GFS, Xen and bonding
If you’re trying to use a GFS2-XEN combo on a bridged network, you may find this post useful.
For the past few months, I’ve been setting up a SaaS infrastructure for my company. This required a certain level of resilience, some of it achieved with the help of GFS.
Let me quote Wikipedia to get you up to speed: […]
*The Global File System (GFS) is a shared disk file system for Linux computer clusters. […]
GFS and GFS2 differ from distributed file systems (such as AFS, Coda, or InterMezzo) because they allow all nodes to have direct concurrent access to the same shared block storage. In addition, GFS or GFS2 can also be used as a local filesystem.*
Long story short, you can concurrently access one file-system from several different nodes. This is exactly what we want: our back-end is started from several nodes, and should one of the nodes crash, another one will take over. GFS will guarantee that the file-system is never corrupted in the process. GFS set-up is rather well documented, so this shouldn’t be a problem.
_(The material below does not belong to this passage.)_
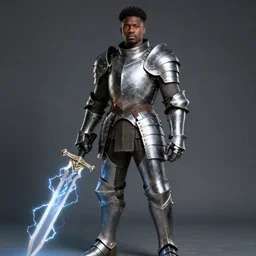 black man in full-plate armor, holding a lightning-sword, fantasy art by Greg Rutkowski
Did you sense a “but” ? Spot on! We also went for Xen virtualization, and this is getting problematic if you’re going to use GFS on top of that. Here’s the thing: our dom0s host some VMs (duh), and those VMs use GFS. Not surprising so far. The network interfaces on the domUs need to use the physical interfaces of the dom0, so we’re setting up Xen with network bridging. And just to make it interesting: we’re using bonding on the physical host (did I mention resilience?). And this is where the whole thing is starting to act up: the GFS daemons (cman, and others) start complaining about losing packets, the cluster never becomes quorate again, etc. Of course, RedHat support will blame it on your network, saying that the switch is either overloaded or doesn’t let multicast through. Yeah, right.
The real reason is: they NEVER tested the Xen/bonding/GFS combo. Just take a look at the start-up sequence in /etc/rc3.d: first, bring up the interfaces. Then start GFS (cman, rgmanager, etc.), and THEN, start Xen. This looks fine, but let’s not forget that Xen, when in bridging mode, will rename bond0 to pbond0 and then build its bridges, thus disrupting communication for the already-started GFS daemons: they’ll get hella confused.
The solution is simple: disable the GFS daemons and make them start at the very end of the start-up sequence (say, from rc.local). Problem solved! I will make a tutorial out of this; I just thought I’d drop a note on this thing right away to share it.